Work instructions: The listing below should be reproduced exactly, with the pictures omitted.

-- Opening Marker --

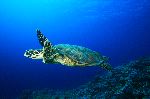 Hawksbill Sea Turtle Swims Over Coral Reef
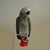 Barbara Kransteuber's profile image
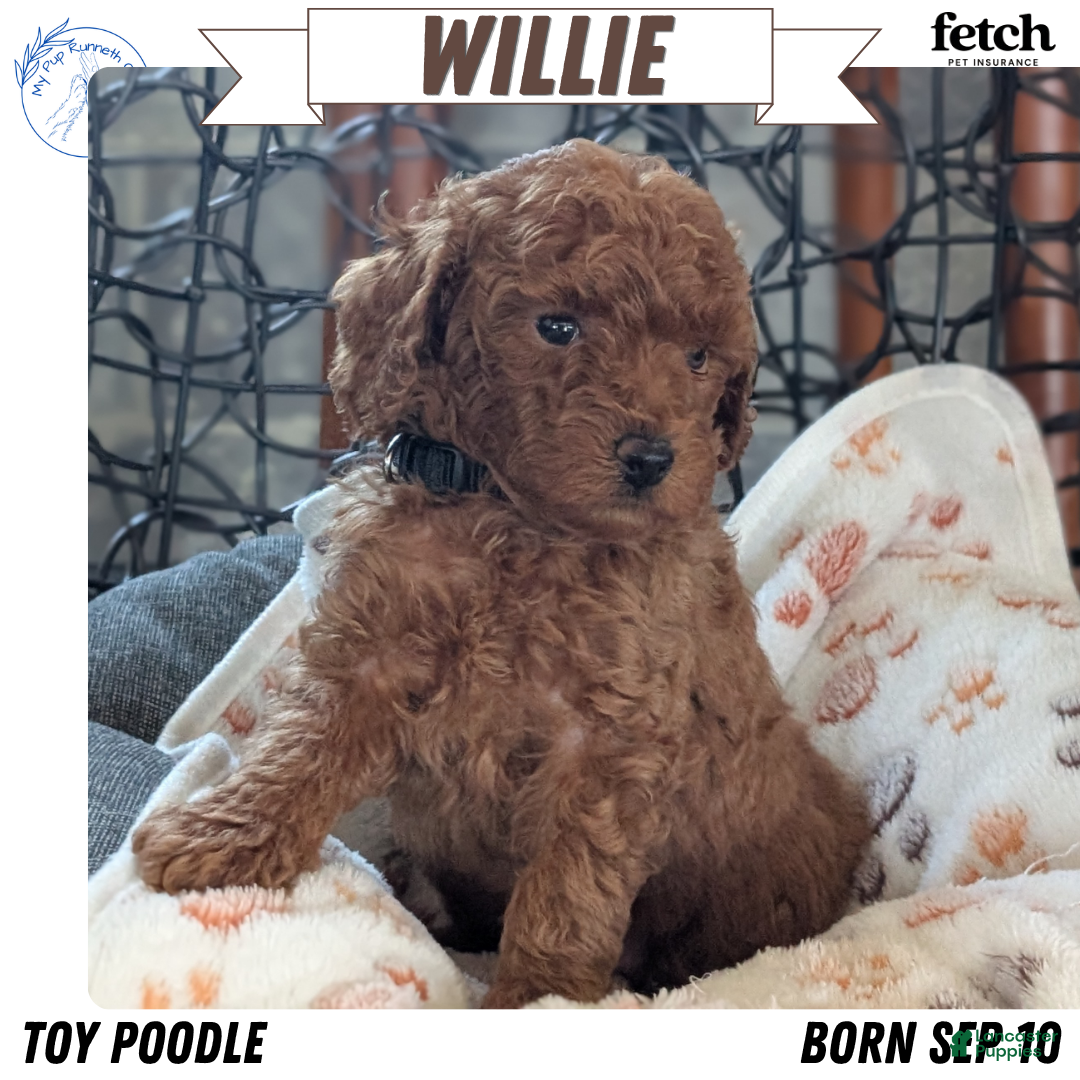 Toy Poodle dogs for sale: Willie - Ad 1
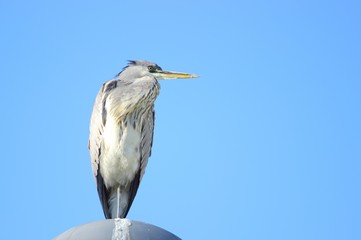 Grey Heron 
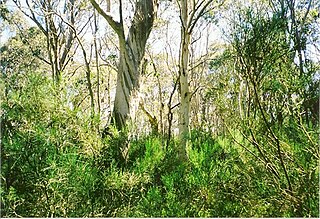 Brumlow Top mountain in Australia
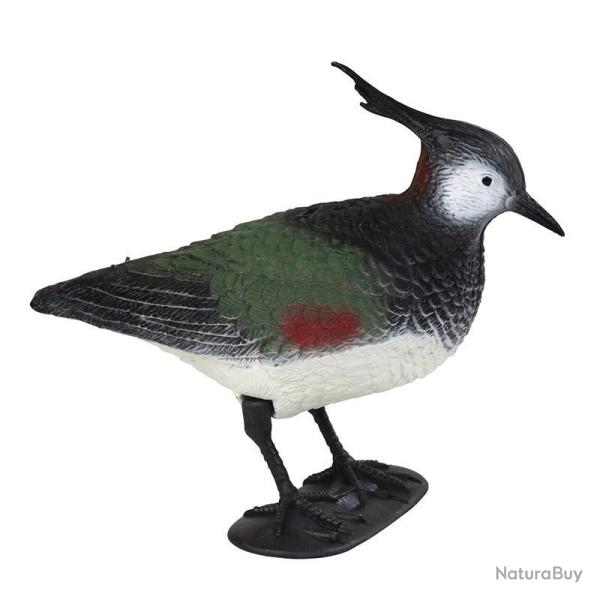 BLETTES LIMICOLES VANNEAU HUPPE HD STEPLAND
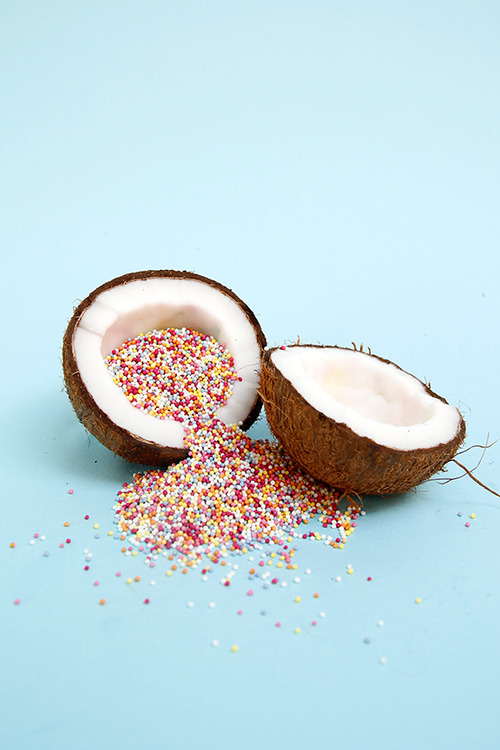 색다른 해석으로 찍어낸 독특하고 컬러풀한 사진들 | 인스티즈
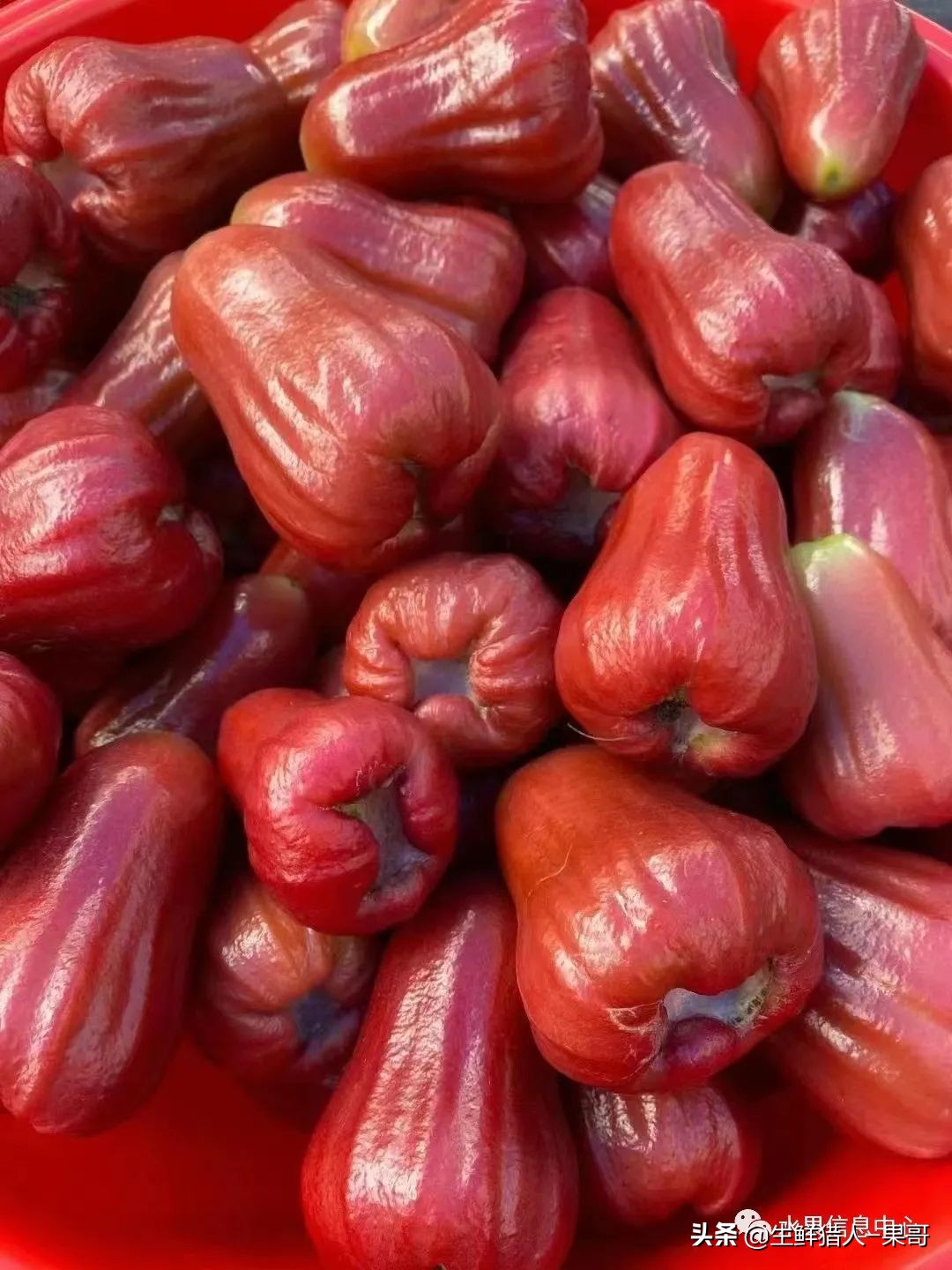 释迦莲雾夫妻果泰国(「莲雾图鉴」黑珍珠,巴掌,黑金刚,黑糖芭比,蜜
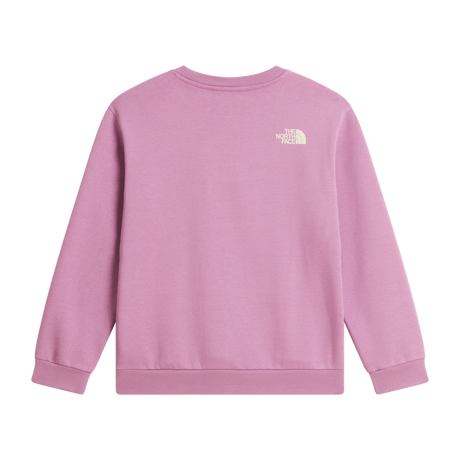 The North Face - Teen G Chalbi Relaxed Crew - Graphic - Hushed Lavender - vista alternativa 1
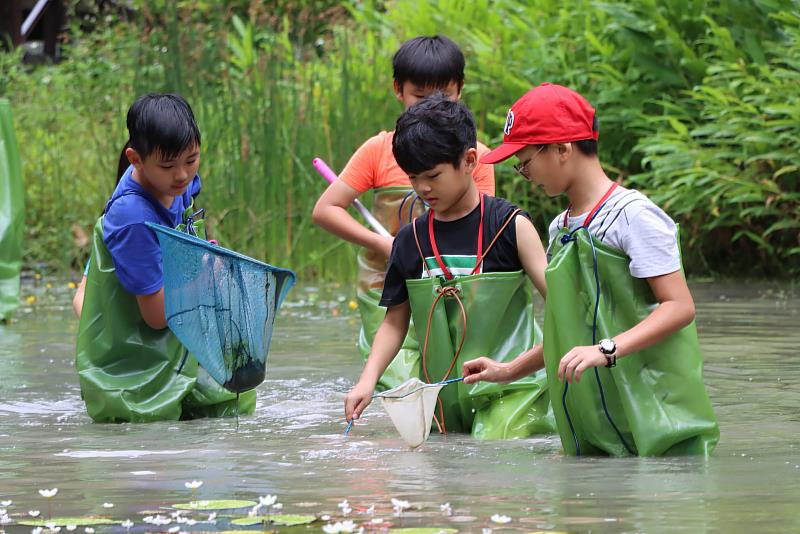 遠遠看水生昆蟲不過癮，「野獸與牠們的產地－八仙山動物生態探索營」穿上青蛙裝下水去！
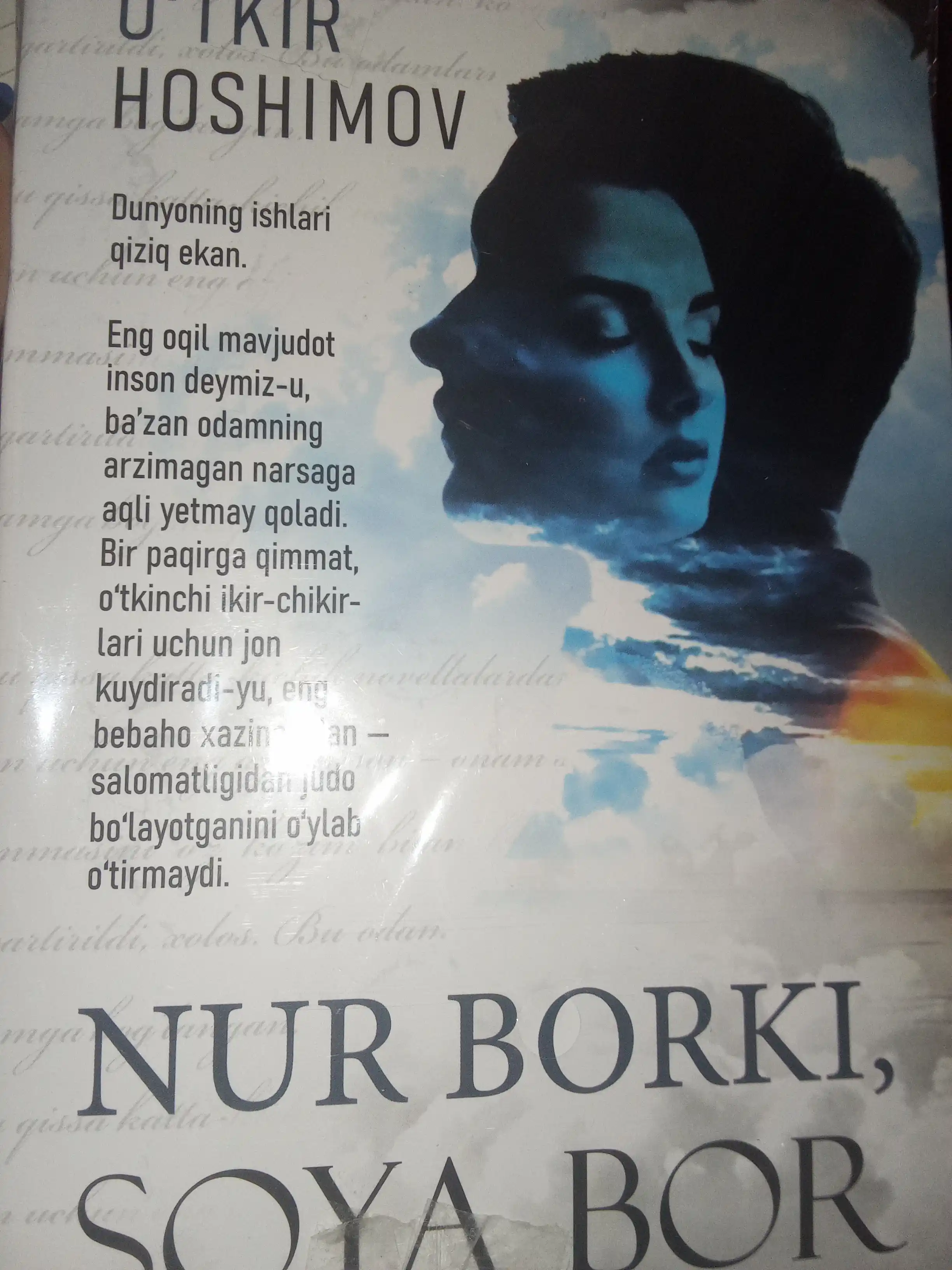 Нур борки, соyа бор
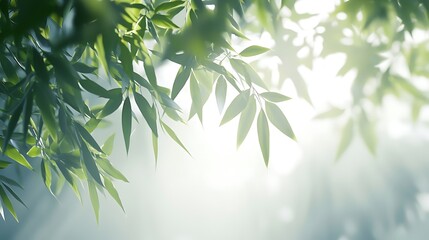Naklejka premium Sunlit Green Leaves: A Serene Nature Photography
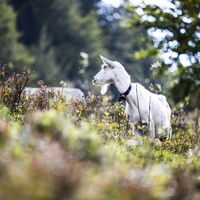 Wandern Menzenschwand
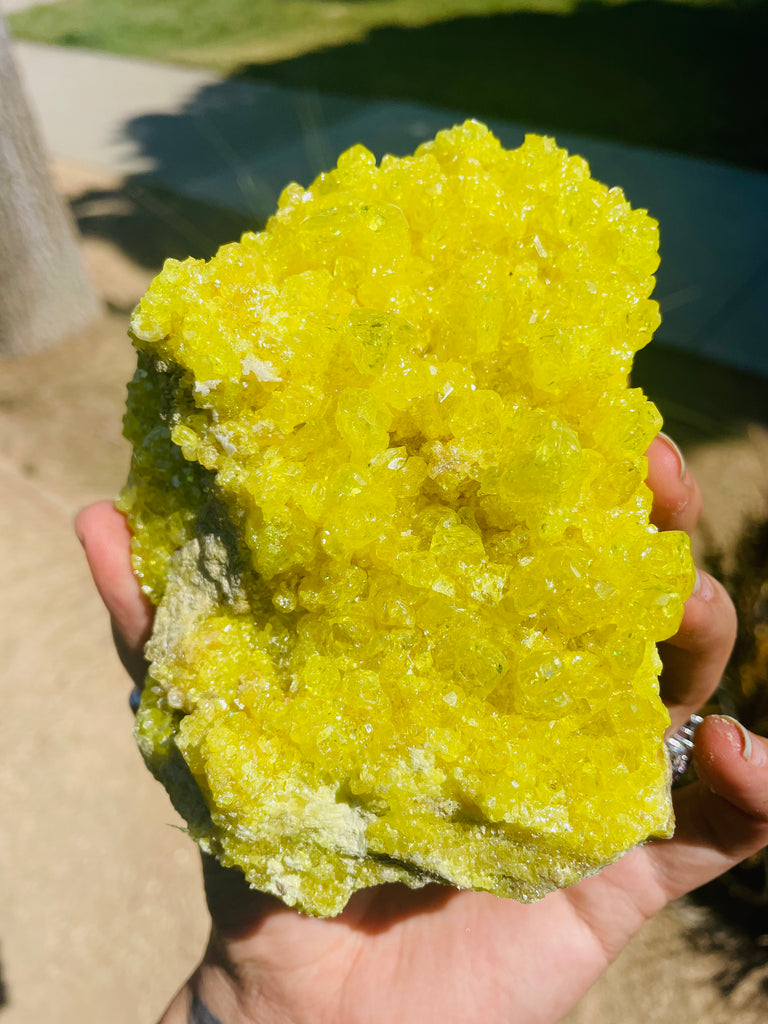 Sulfer Specimen no.2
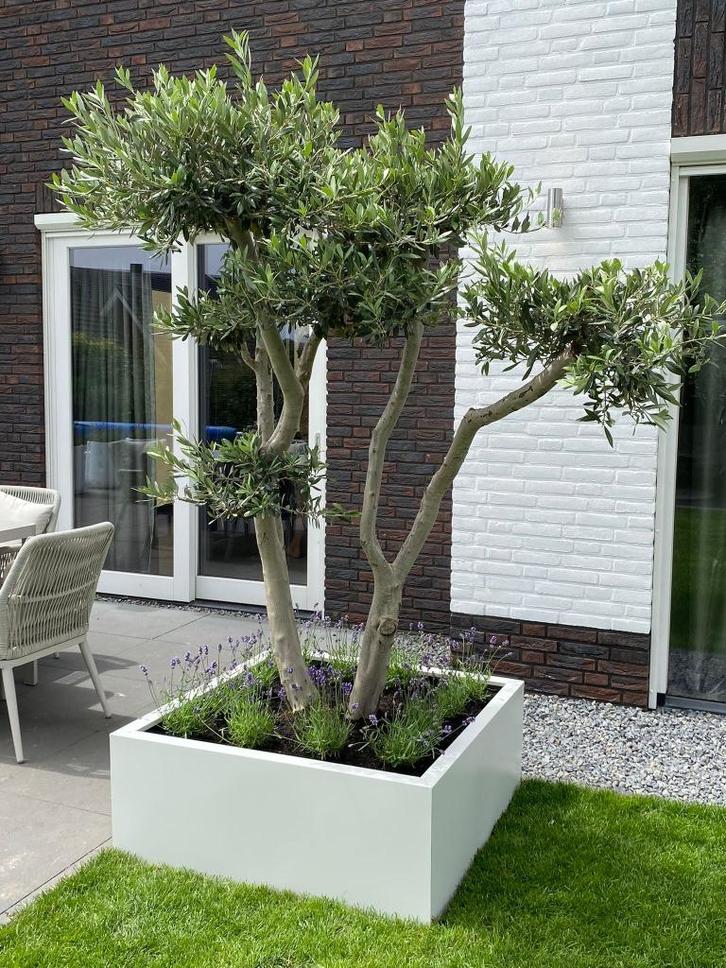 Grote plantenbakken 100X100X40, Tuin en Terras, Bloembakken en Plantenbakken, Nieuw, Metaal, Binnen, Balkon, Tuin, 30 tot 60 cm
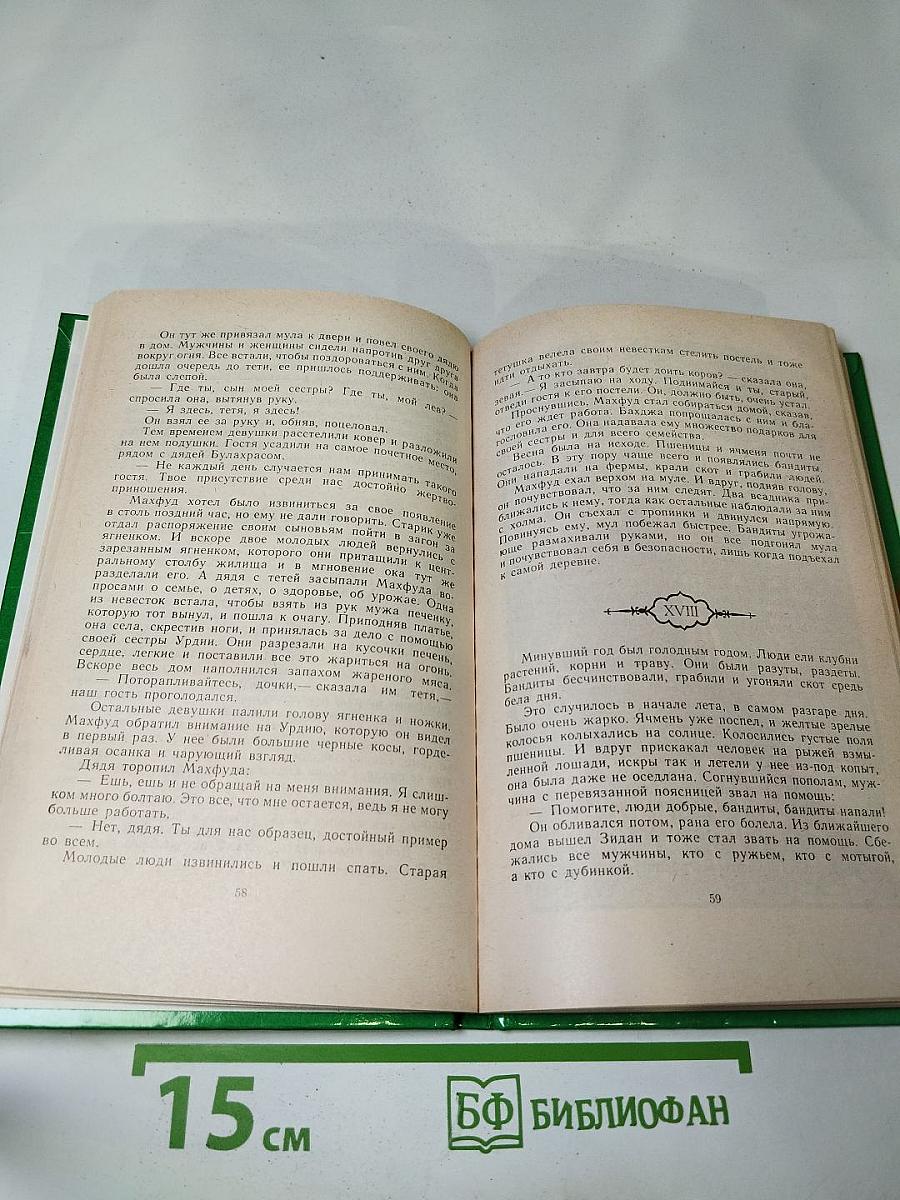 Разбойники в горах Атласа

-- Closing Marker --

Solution below:
 Hawksbill Sea Turtle Swims Over Coral Reef
 Barbara Kransteuber's profile image
 Toy Poodle dogs for sale: Willie - Ad 1
 Grey Heron 
 Brumlow Top mountain in Australia
 BLETTES LIMICOLES VANNEAU HUPPE HD STEPLAND
 색다른 해석으로 찍어낸 독특하고 컬러풀한 사진들 | 인스티즈
 释迦莲雾夫妻果泰国(「莲雾图鉴」黑珍珠,巴掌,黑金刚,黑糖芭比,蜜
 The North Face - Teen G Chalbi Relaxed Crew - Graphic - Hushed Lavender - vista alternativa 1
 遠遠看水生昆蟲不過癮，「野獸與牠們的產地－八仙山動物生態探索營」穿上青蛙裝下水去！
 Нур борки, соyа бор
Naklejka premium Sunlit Green Leaves: A Serene Nature Photography
 Wandern Menzenschwand
 Sulfer Specimen no.2
 Grote plantenbakken 100X100X40, Tuin en Terras, Bloembakken en Plantenbakken, Nieuw, Metaal, Binnen, Balkon, Tuin, 30 tot 60 cm
 Разбойники в горах Атласа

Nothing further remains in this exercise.